The best Christmas presents that Kathleen, chair of the Energy Facility Site Evaluation Council, and Steven Drew, Thurston County assessor, ever received happened decades ago when they met each other at a Christmas party. Not so surreptitious looks across the room led to an invitation by Steven to Kathleen for drinks, dinner and political discussion at the Clink and Dagger. “I was out of work, having just left the Gary Hart campaign,” remembers Kathleen and she said, “Yes.” The conversation that started over 35 years ago continues to this day.
“I grew up in a politically active family in Pittsburgh,” recalls Kathleen. At age 12, she was distributing George McGovern’s political literature with her mother. Steve worked in the insurance industry from his early 20’s and was involved in local politics. In part, their mutual affinity for participating in the many cogs of democracy powered their blooming relationship. “We drove from Washington State to San Francisco for the Democratic National Convention,” says Steve. That was in June of 1984. By December, they were married. Since then, the civic minded duo has crisscrossed the political landscape.

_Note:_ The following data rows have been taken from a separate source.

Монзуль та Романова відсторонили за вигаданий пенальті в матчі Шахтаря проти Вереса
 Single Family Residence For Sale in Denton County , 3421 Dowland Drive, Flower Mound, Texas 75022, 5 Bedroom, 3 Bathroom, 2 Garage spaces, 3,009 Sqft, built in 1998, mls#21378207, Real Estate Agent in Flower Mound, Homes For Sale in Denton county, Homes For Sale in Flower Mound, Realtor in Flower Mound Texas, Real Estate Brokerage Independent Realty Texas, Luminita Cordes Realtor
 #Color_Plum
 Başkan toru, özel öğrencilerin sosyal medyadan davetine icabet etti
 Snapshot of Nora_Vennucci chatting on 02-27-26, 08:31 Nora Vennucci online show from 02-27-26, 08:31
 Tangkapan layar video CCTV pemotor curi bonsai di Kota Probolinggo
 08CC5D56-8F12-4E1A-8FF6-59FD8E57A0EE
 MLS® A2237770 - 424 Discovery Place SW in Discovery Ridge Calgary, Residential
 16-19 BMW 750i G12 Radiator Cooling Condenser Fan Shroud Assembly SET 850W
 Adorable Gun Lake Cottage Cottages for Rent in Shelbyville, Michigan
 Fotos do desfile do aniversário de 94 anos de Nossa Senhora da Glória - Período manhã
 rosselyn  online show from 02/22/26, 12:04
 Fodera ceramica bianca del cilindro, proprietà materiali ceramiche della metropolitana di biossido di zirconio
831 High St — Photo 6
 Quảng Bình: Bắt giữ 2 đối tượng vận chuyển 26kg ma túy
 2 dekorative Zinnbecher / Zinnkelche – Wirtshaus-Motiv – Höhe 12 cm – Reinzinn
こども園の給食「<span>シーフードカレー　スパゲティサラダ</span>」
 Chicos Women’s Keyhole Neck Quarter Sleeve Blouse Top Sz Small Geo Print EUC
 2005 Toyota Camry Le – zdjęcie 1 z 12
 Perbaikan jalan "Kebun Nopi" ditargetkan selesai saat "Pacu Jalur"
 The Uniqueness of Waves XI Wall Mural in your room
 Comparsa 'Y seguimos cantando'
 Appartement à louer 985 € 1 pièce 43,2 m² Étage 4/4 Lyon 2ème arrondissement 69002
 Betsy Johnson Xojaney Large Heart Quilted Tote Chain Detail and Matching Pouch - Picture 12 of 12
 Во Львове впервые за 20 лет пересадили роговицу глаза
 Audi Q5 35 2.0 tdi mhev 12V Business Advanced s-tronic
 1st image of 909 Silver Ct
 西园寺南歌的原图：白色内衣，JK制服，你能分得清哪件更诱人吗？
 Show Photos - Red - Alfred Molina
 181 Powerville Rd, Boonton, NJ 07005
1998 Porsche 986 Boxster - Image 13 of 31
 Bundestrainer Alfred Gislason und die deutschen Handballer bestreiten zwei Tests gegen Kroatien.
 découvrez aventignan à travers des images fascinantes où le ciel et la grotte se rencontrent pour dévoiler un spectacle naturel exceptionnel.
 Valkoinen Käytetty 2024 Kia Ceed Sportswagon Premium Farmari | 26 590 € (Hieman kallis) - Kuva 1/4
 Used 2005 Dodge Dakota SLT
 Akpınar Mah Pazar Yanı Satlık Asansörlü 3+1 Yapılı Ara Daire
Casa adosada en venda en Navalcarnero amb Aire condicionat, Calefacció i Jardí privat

In 1992, at the age of 32, Kathleen ran for the Issaquah 5th district legislative seat becoming the youngest woman to be elected to the Washington senate, defeating Dino Rossi. “It was a powerful time for women in the legislature. Fourteen of the 27 democratic caucus members being women,” says Kathleen. She is proud of the numerous accomplishments from that time, including ethics and campaign reforms that are still in effect today. She chaired Natural Resources and was on the budget committee. Kathleen was also mom to Phil, who like his parents, joined the political ride as he grew up. Later when Christine Gregoire became governor, Kathleen agreed to come to Olympia and work for her. Steven moved his business and the family settled in Olympia.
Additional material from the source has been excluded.